At Simon's small house we sat down to a lunch of flaky, succulent parrotfish – baked with head, tail and fins still attached – with his niece, grandnephew, brother and 89-year-old mother. I asked if they got sick of eating fish. Simon's mother laughed, nodding. She said she preferred to eat “real meat”, referring to the white-tailed tropicbirds that nest throughout the atoll.
For dessert, Simon split open two coconuts for Rob and me.
“Do you play volleyball?” Simon asked. “We play at 4 pm.”
A lifelong volleyball player, Rob's face lit up. “The only thing we like better than volleyball is church,” Simon's niece said. The Palmerston natives attend services daily and several times on Sundays, always dressed in their finest.
We agreed to meet the family at 4 pm, and set off to explore on our own.
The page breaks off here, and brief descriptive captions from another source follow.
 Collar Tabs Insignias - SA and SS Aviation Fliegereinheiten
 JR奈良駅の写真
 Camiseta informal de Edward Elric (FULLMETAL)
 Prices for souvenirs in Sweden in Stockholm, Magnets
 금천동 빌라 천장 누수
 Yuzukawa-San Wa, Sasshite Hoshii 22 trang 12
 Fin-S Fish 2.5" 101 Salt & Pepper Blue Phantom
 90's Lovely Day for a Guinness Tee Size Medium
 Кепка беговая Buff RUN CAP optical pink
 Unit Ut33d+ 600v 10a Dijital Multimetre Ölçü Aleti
It took us 20 minutes to circle the island, another 10 to walk across the interior’s main path.
We passed the construction site for a new solar power station, which will replace the island's unreliable diesel generators with round-the-clock electricity, and stopped at the cemetery, full of Marsters headstones.
As we headed toward the volleyball court, A hefty islander wearing bright board shorts waved us over to warm up with the locals. I quickly realized that their volleyball skills far surpassed mine. Across the net from me, Rob held his own. As he adjusted his top after a particularly athletic block, returning a high-five, I noticed that Rob's waist was smaller than most of the players' thighs.
As the sun dropped to the horizon, families headed home for dinner.
“Tomorrow, we fish. You will join?” Simon asked as he shuttled us back to our sailboat.
“Definitely,” Rob replied.
We stayed on Palmerston another three days. On the last evening, after volleyball and before dark, Simon sat in our cockpit sipping a cocktail and giving Rob fishing tips. Spear in hand, Rob hopped over the side, determined to finally snag one of Palmerston's famous parrotfish. A few minutes later, he surfaced with a blue-green beauty, as long as his arm and fat as a football. Simon nodded in satisfaction, toasting Rob's success.
We feasted that night with our adopted Marsters family, thanking them for their hospitality by sharing fish and more gifts. But without a doubt, Rob and I gained more from that quirky atoll than we could ever give back.